My first thought was a pen wizard spiral blank on a rinehart kit.


----------



## gr8danish (Oct 8, 2010)

It's too bad that he specifically wants wood. It would be UBER slick to cast either one big screw that has the center drilled out down the center in PR, or cast a bunch of tiny screws. Either way, it would give you the right appearance without sacrificing fit or finish.


----------



## ed4copies (Oct 8, 2010)

You can buy threaded dowels in several species.

I have walnut and maple in the shop.

Will try to search and find you a source.


----------



## ed4copies (Oct 8, 2010)

http://www.highlandwoodworking.com/manualwoodthreader128tpi.aspx

Here's the "tool" solution, Cherry Tree used to have half inch, now looks like they only show 3/4 and 3/8.

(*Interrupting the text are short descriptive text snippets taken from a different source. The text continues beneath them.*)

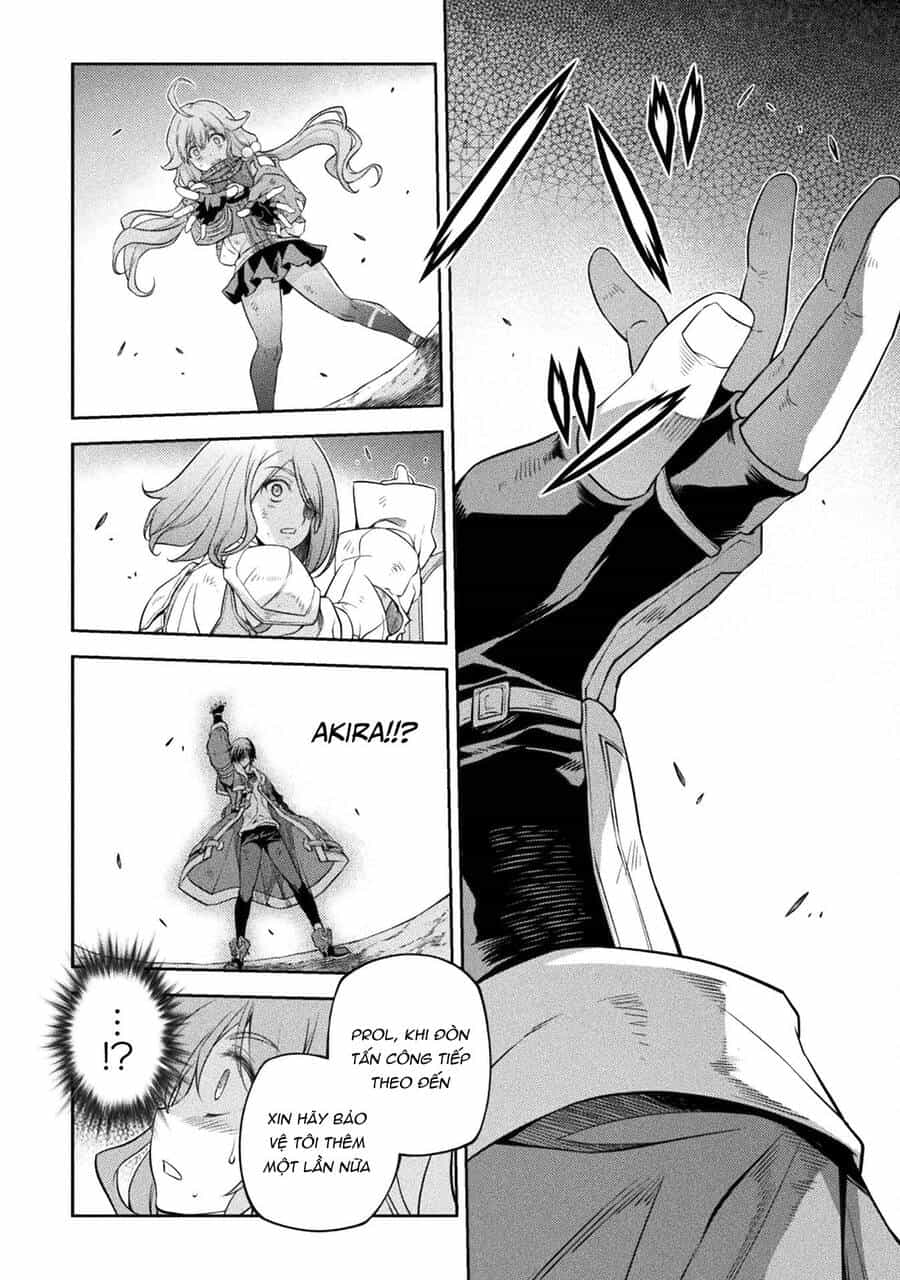 Drawing: Saikyou Mangaka Wa Oekaki Skill De Isekai Musou Suru! - Chương 21 - ảnh 17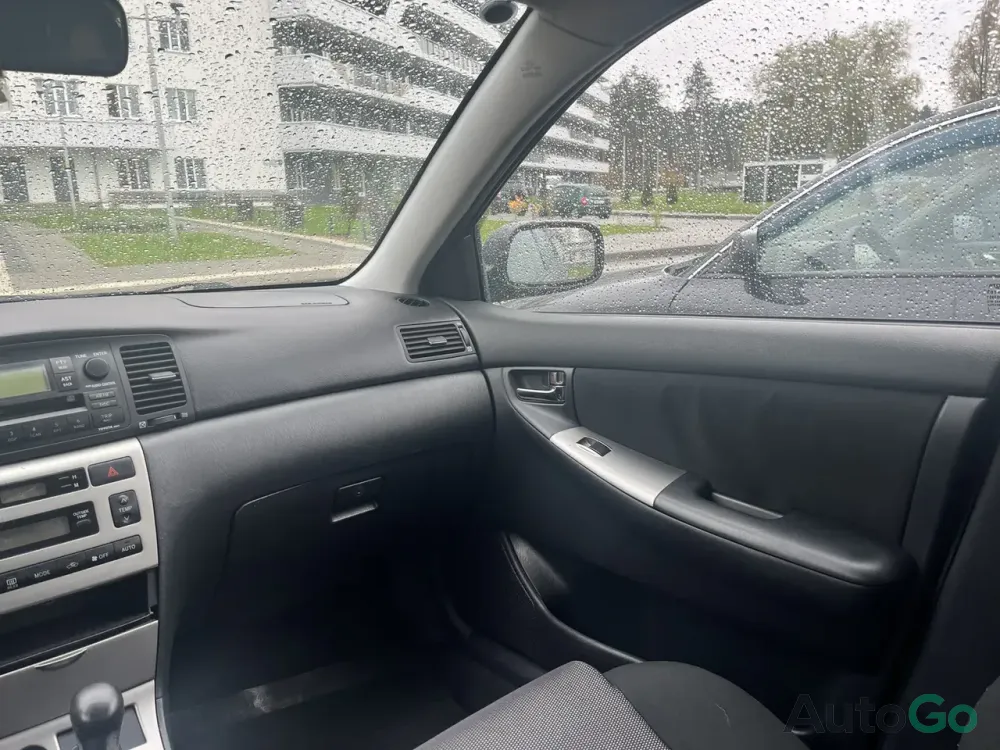 Продажа Toyota Corolla IX (E120, E130) Рестайлинг, 2006г., Могилёв Могилев - изображение 6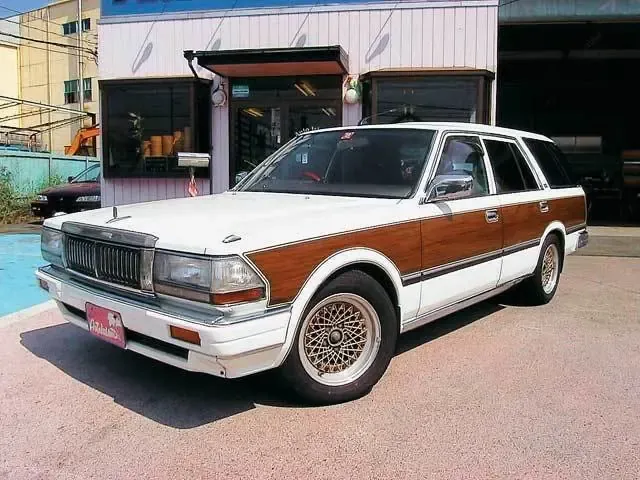 Nissan Cedric 1983, универсал, 6 поколение, Y30 (06.1983 - 05.1999)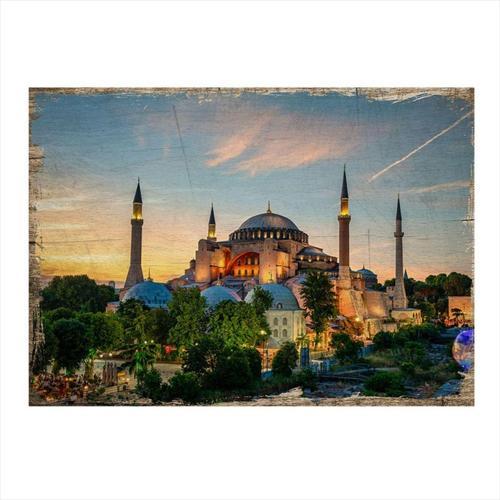 Venedik Hediyelik Mdf Tablo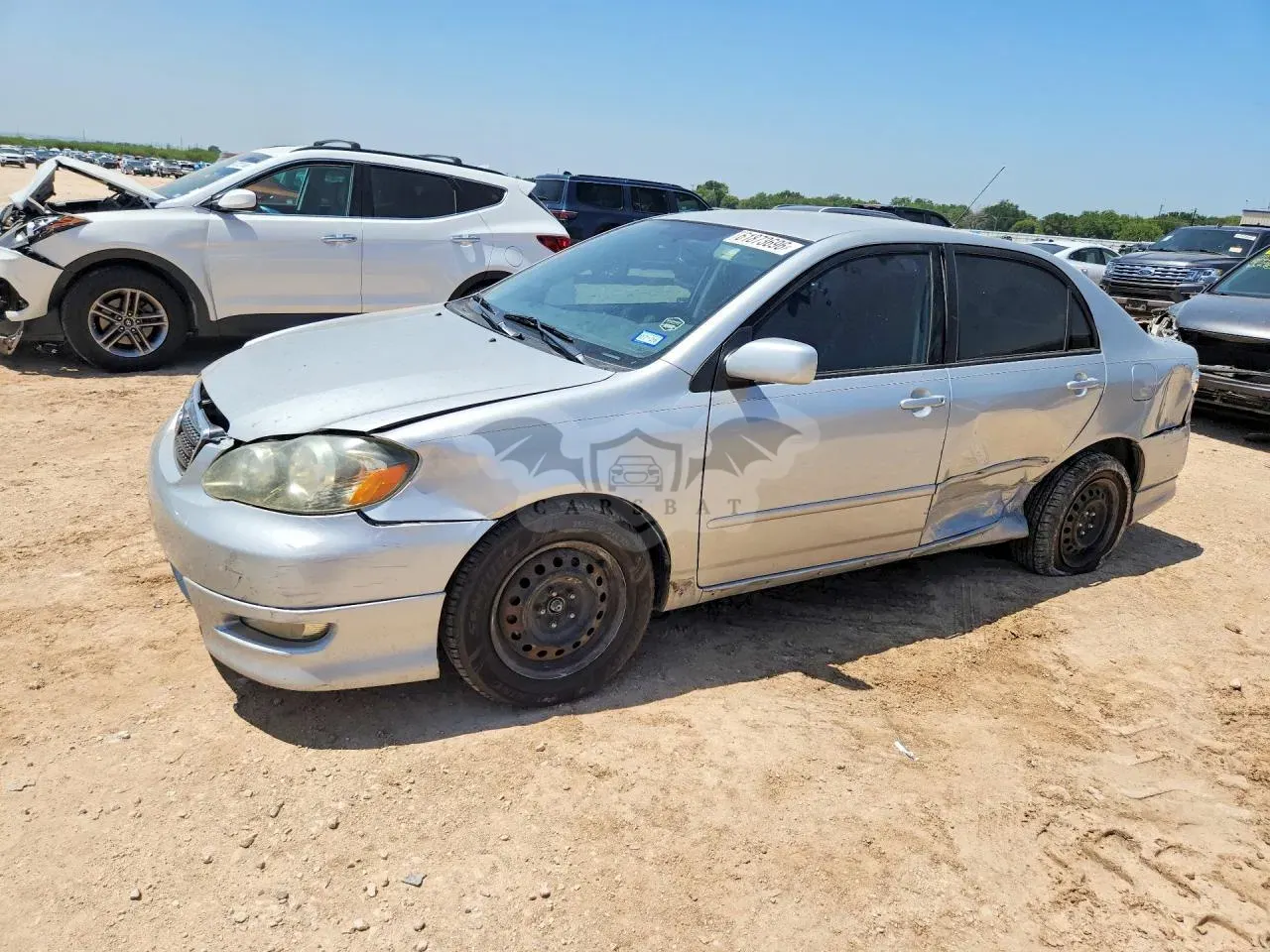 Toyota Corolla 1.8L 4 2006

An extensive search should find some premade--even look at your local big box lumber place.


----------



## PenMan1 (Oct 8, 2010)

Why not just turn the barrel down almost to size, then run the right sized die over the wood to make the threads? The Rhineharts even have a hex head that would help with the look.


----------



## bradh (Oct 8, 2010)

The wood can be threaded, see the pictures. This is a commissioned pen made to look like a valve and seat. The top is threaded. The material is all maple with the valve parts painted to look like stainless. the tapping was difficult, I had to keep stopping and soaking the wood in CA to keep the wood from breaking up.


----------



## Dudley Young (Oct 8, 2010)

The big question here is does he want a screw or a bold. There is a difference in the thread. Most threads on wood are acme threads. Using a die would be a machine thread. ???????


----------



## renowb (Oct 8, 2010)

Maybe find someone with a pen wizard...


----------



## aggromere (Oct 8, 2010)

Not sure if it is helpful but, Beall tool has a wood threading device designed to make large wooden bolts.  They have a video of it on their website i think.  It is probably really expensive.  I bet if you check around some craft stores or on the internet you might be able to find a giant wooden screw that you could convert to a pen.


----------



## Len Shreck (Oct 9, 2010)

Thank you all for the ideas. robutacion I would be interested in hearing your ideas on how to make the threads. The gentlemen that is asking if I am able to do this said when he called that the guy he wants to give this to may want several more if he likes the way they turn out so I may end up having to figure out some way of doing it that I can reproduce them, I know 2 pens are never exactly the same but I may need to get as close as I can. The main thing I am worried about is my skill level is not the highest but if I am able to do this I think it will get better :biggrin: I have been trying to think of ways to do it that wont cost me any extra money for special stuff as money is tight for us but I figured if anyone would be able to give me ideas it would be the great people on here.
 mredburn I thought of that but I dont have a triangular file small enough to do that.
bruce119 that is some really good ideas if I am able to do any of that I will def give kudos to you for the idea. Thanks again all. Len


----------



## Len Shreck (Oct 9, 2010)

Not sure if it is helpful but, Beall tool has a wood threading device designed to make large wooden bolts. They have a video of it on their website i think. It is probably really expensive. I bet if you check around some craft stores or on the internet you might be able to find a giant wooden screw that you could convert to a pen. 
    I will check around and see if I can find any.


----------



## Len Shreck (Oct 9, 2010)

penhead said:


> Don't know if this would work for what you need, but might be an excuse to buy a new tool...add the price of tool to what you charge for pen, and then make blanks for sale..???
> http://www.bealltool.com/products/threading/threader.php



I just watched both videos on this and I will be asking the wife if there is any way we can afford to get it that is exactly what I need, I think the 1/2" would be almost perfect. Thanks you for the link others mentioned it but I like having the link added it made it a lot easier to check out. Len


----------



## Christian (Oct 9, 2010)

Len Shreck said:


> penhead said:
> 
> 
> > Don't know if this would work for what you need, but might be an excuse to buy a new tool...add the price of tool to what you charge for pen, and then make blanks for sale..???
> ...



Len, you are aware that this only cuts internal threads?  I would have thought you require an external cutter?

Chris


----------



## workinforwood (Oct 9, 2010)

A premade wooden threaded dowel would be ideal, except that it is not really a screw, it's a bolt.  A screw tapers, a bolt is straight.  You don't just use a die to make a screw.  You can't just knock out screw threads on a metal lathe either.  This is why they make screw machines!  Maybe if you kick the tail stock out and spin a taper rod you can make a screw, otherwise you need a taper attachment for your lathe screw...and those are not cheap.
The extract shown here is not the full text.